Verified answer

Put u = √(x). Then x = u², dx = 2u du, and e^(√x) = e^u. Upon substitution, the integral becomes

∫ 2u^3 e^u du.

Now, integrate by parts (it'll take a few steps.)

Like what Lake R pointed, make the substitution z = √x. I use z instead of u to aviod confusion when integrating by parts later.

z = √x <==> z² = x

dz = dx/(2√x)

dz = dx/(2z)

2z dz = dx

∫ x*e^(√x) dx

= ∫ z²*e^(z) * (2z dz)

= 2 ∫ z³e^(z) dz

Let u = z³ and dv = e^(z) dz, then du = 3z² dz and v = e^(z). Integrating by parts (∫ u dv = u v - ∫ v du) yields

= 2[z³*e^(z) - ∫ 3z²*e^(z) dz]

= 2z³*e^(z) - 6 ∫ z²*e^(z) dz

Now, let u = z² and dv = e^(z) dz, then du = 2z and v = e^(z). Integrating by parts for the second time gives

= 2z³*e^(z) - 6[z²*e^(z) - ∫ 2z*e^(z) dz]
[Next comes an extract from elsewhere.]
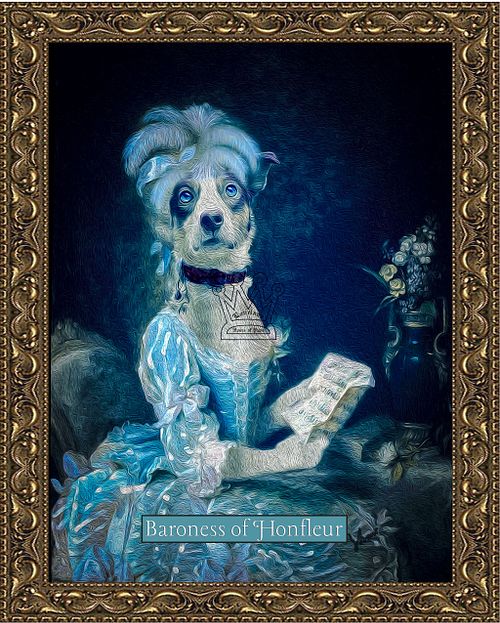 Baroness Blue of Honfleur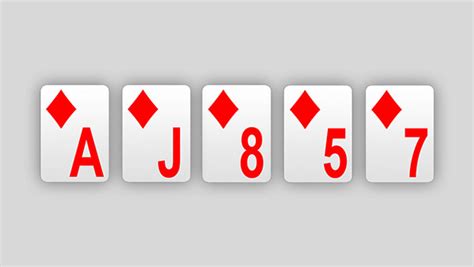 Flush: Poker Hand Ranking | 888 Poker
= 2z³*e^(z) - 6z²*e^(z) + 12 ∫ z*e^(z) dz

This time, let u = z and dv = e^(z) dz, then du = dz and v = e^(z). Integrating by parts for the third time yields

= 2z³*e^(z) - 6z²*e^(z) + 12[z*e^(z) - ∫ e^(z) dz]
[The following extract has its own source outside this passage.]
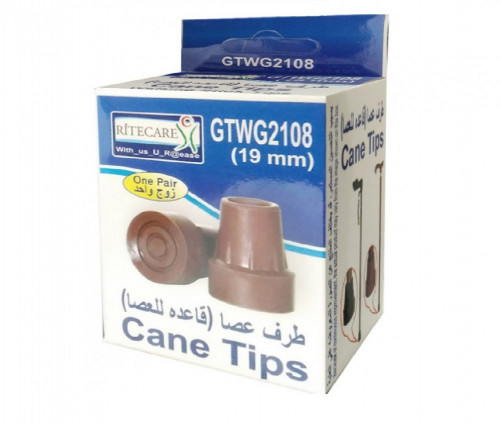 طرف عصا (قاعدة للعصا) 19سم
= 2z³*e^(z) - 6z²*e^(z) + 12z*e^(z) - 12 ∫ e^(z) dz

= 2z³*e^(z) - 6z²*e^(z) + 12z*e^(z) - 12e^(z) + c

= 2e^(z) [z³ - 3z² + 6z - 6] + c

= 2e^(z) [x³/² - 3x + 6√x - 6] + c

If this helps, choose Lake R's answer as the best.